I never seem to be able to make a true human connection, except with me, myself and I.
Sooner or later, everything just goes to utter shit.
Tears stinging my eyes, I make a sharp turn into the nearest bathroom and my super-hot Pacific foods vanilla soy-latte lands smack-dab on someone's bare chest.
"Aaaargh!" That someone yelps and I can only imagine that the coffee burns like a motherfucker.
The guy in question is a scrawny tall thing, with twig arms that would be poking out of the boxy New Town High gym shirt. If he wore one.
Turns out, he's only wearing a flimsy towel around his waist.
"Christ!" I snarl, almost slipping on the latte-stained tiles.
"So... So sorry. I... I didn't mean to," he stammers and places his hands on my shoulders to steady me.
His palms are warm and big.
I blink.
He's turned to face me, his eyebrows lifted, a teasing? half-smile prancing on his lips.
"What?" I growl at him.
"Nothing, just... You look all squinty," he says.
Mortification washes over me. I am not quite sure what he's insinuating but I sure as hell wasn't staring at him. He just... Happened to be in my line of vision, and... Happened to look differently from what I expected him to look like. It was only natural for my gaze to linger.
Standing up straighter and puffing my chest, I enunciate. "You scared me shitless. What're you doing in the girls' bathroom?"
Flush and paleness fight for control on the guy's face. He clears his throat, and flush wins—his cheeks are now holding a vibrant red shade, as he shakes his head.
"I see you are into wearing casual clothes? As I live and breathe. Did the robot that controls your body get overheated in the school uniform?" I snicker.
"Nah, we are way past that point, actually. We've mastered temperature regulation. It's just not worth having a robot suit without that ability these days." He grins back.

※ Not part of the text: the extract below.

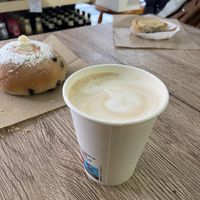 Cappuccino con latte di avena  at Vegustibus in Rome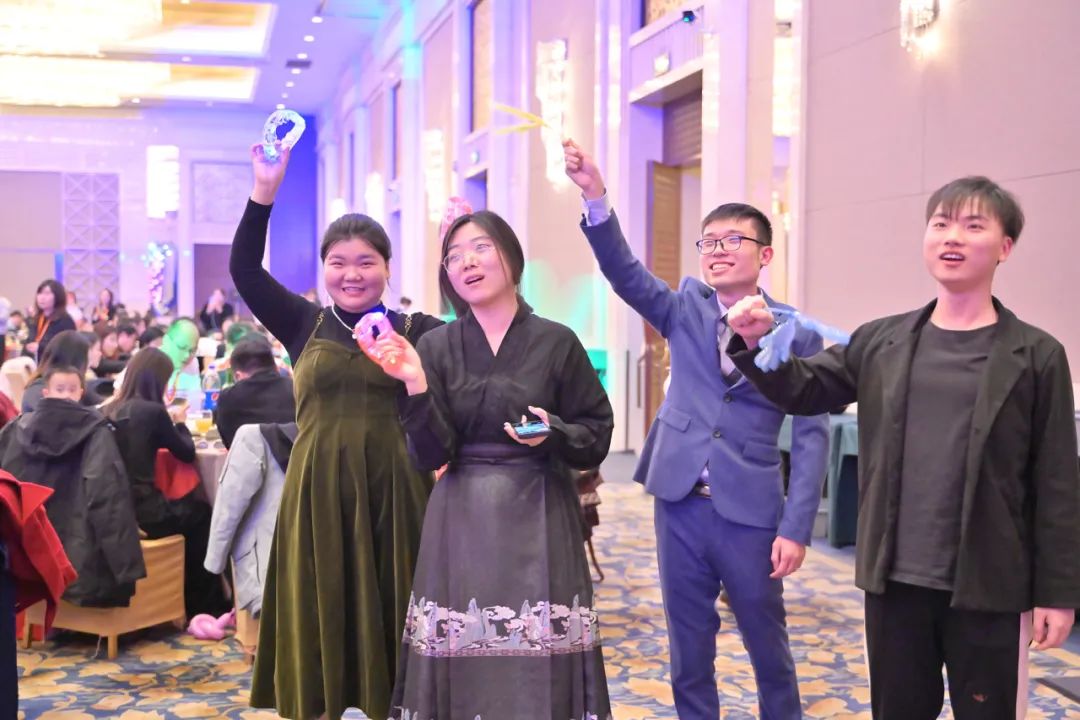 龙腾年·秉初心·创未来|六星彩网站装饰25周年主题年会圆满成功！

A smile looks nice on him. And he does a good back and forth banter, I'll give him that.
"Refreshing." I size him up. "For this rundown place."
"You mean, New Town? It isn't that tiny. Erm, we have a movie theater and a..."

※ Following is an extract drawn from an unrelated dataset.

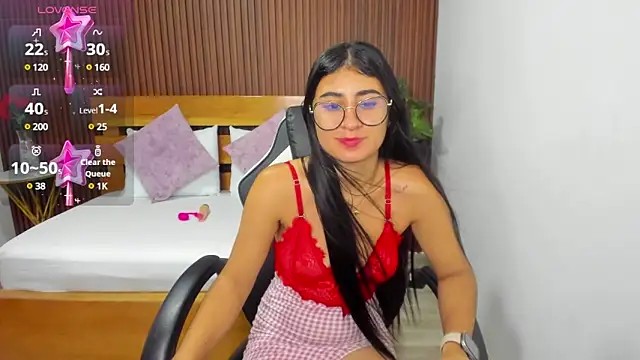 evelin leroy online show from March 11, 2025, 12:06 pm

"A slightly dilapidated shopping mall, and a few big/chain grocery stores. Oh yeah, and a Walmart. That's it. Nothing else out there." I scrunch my nose.

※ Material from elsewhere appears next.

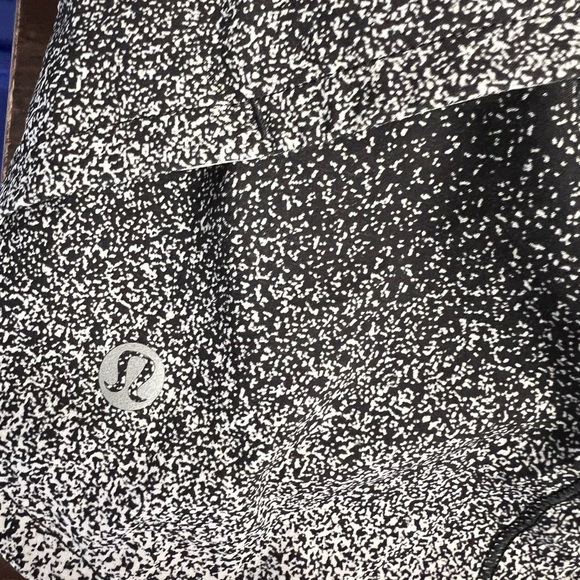 Lululemon Athletica Black and Gray Ombre Athletic Shorts - Picture 3 of 5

"Though, sometimes I do wonder what it would be like to explore. See the whole new world, you know?" His eyes get that glazed over, dreamy look.
"Why don't you start with seeing the inside of a shirt-shop," I tease.
"Has anyone seen my dorky brother around?" A booming voice assaults my eardrums from the hallway.
The guy shrinks in the spot, like a prey hearing its predator.
I instant-get it. Far be it from me to rat him out. I just don't care enough about them or any of their lives to do something like that.
I step outside, flicking the hair out of my eyes. It's doing this stupid swoopy thing again.
Gus Thorne is leaning his back on the wall in front of the girls' bathroom, accompanied by two gorilla-ish henchmen I don't know and I don't care to know.
When he spots me, he quickly rights himself and grins a wolfish grin. "Beatrice Laurent. As I live and breathe. You brighten this school by your mere presence. How good to see you this morning," he adds, and points to the cup of Starbucks in his hand. "Brought you some coffee. One cream, two sugars, right?"
This school sours my mood by its mere presence.
"I drink soy latte only."
I omit the part where he who I believe is his dorky brother, just ruined my morning beverage.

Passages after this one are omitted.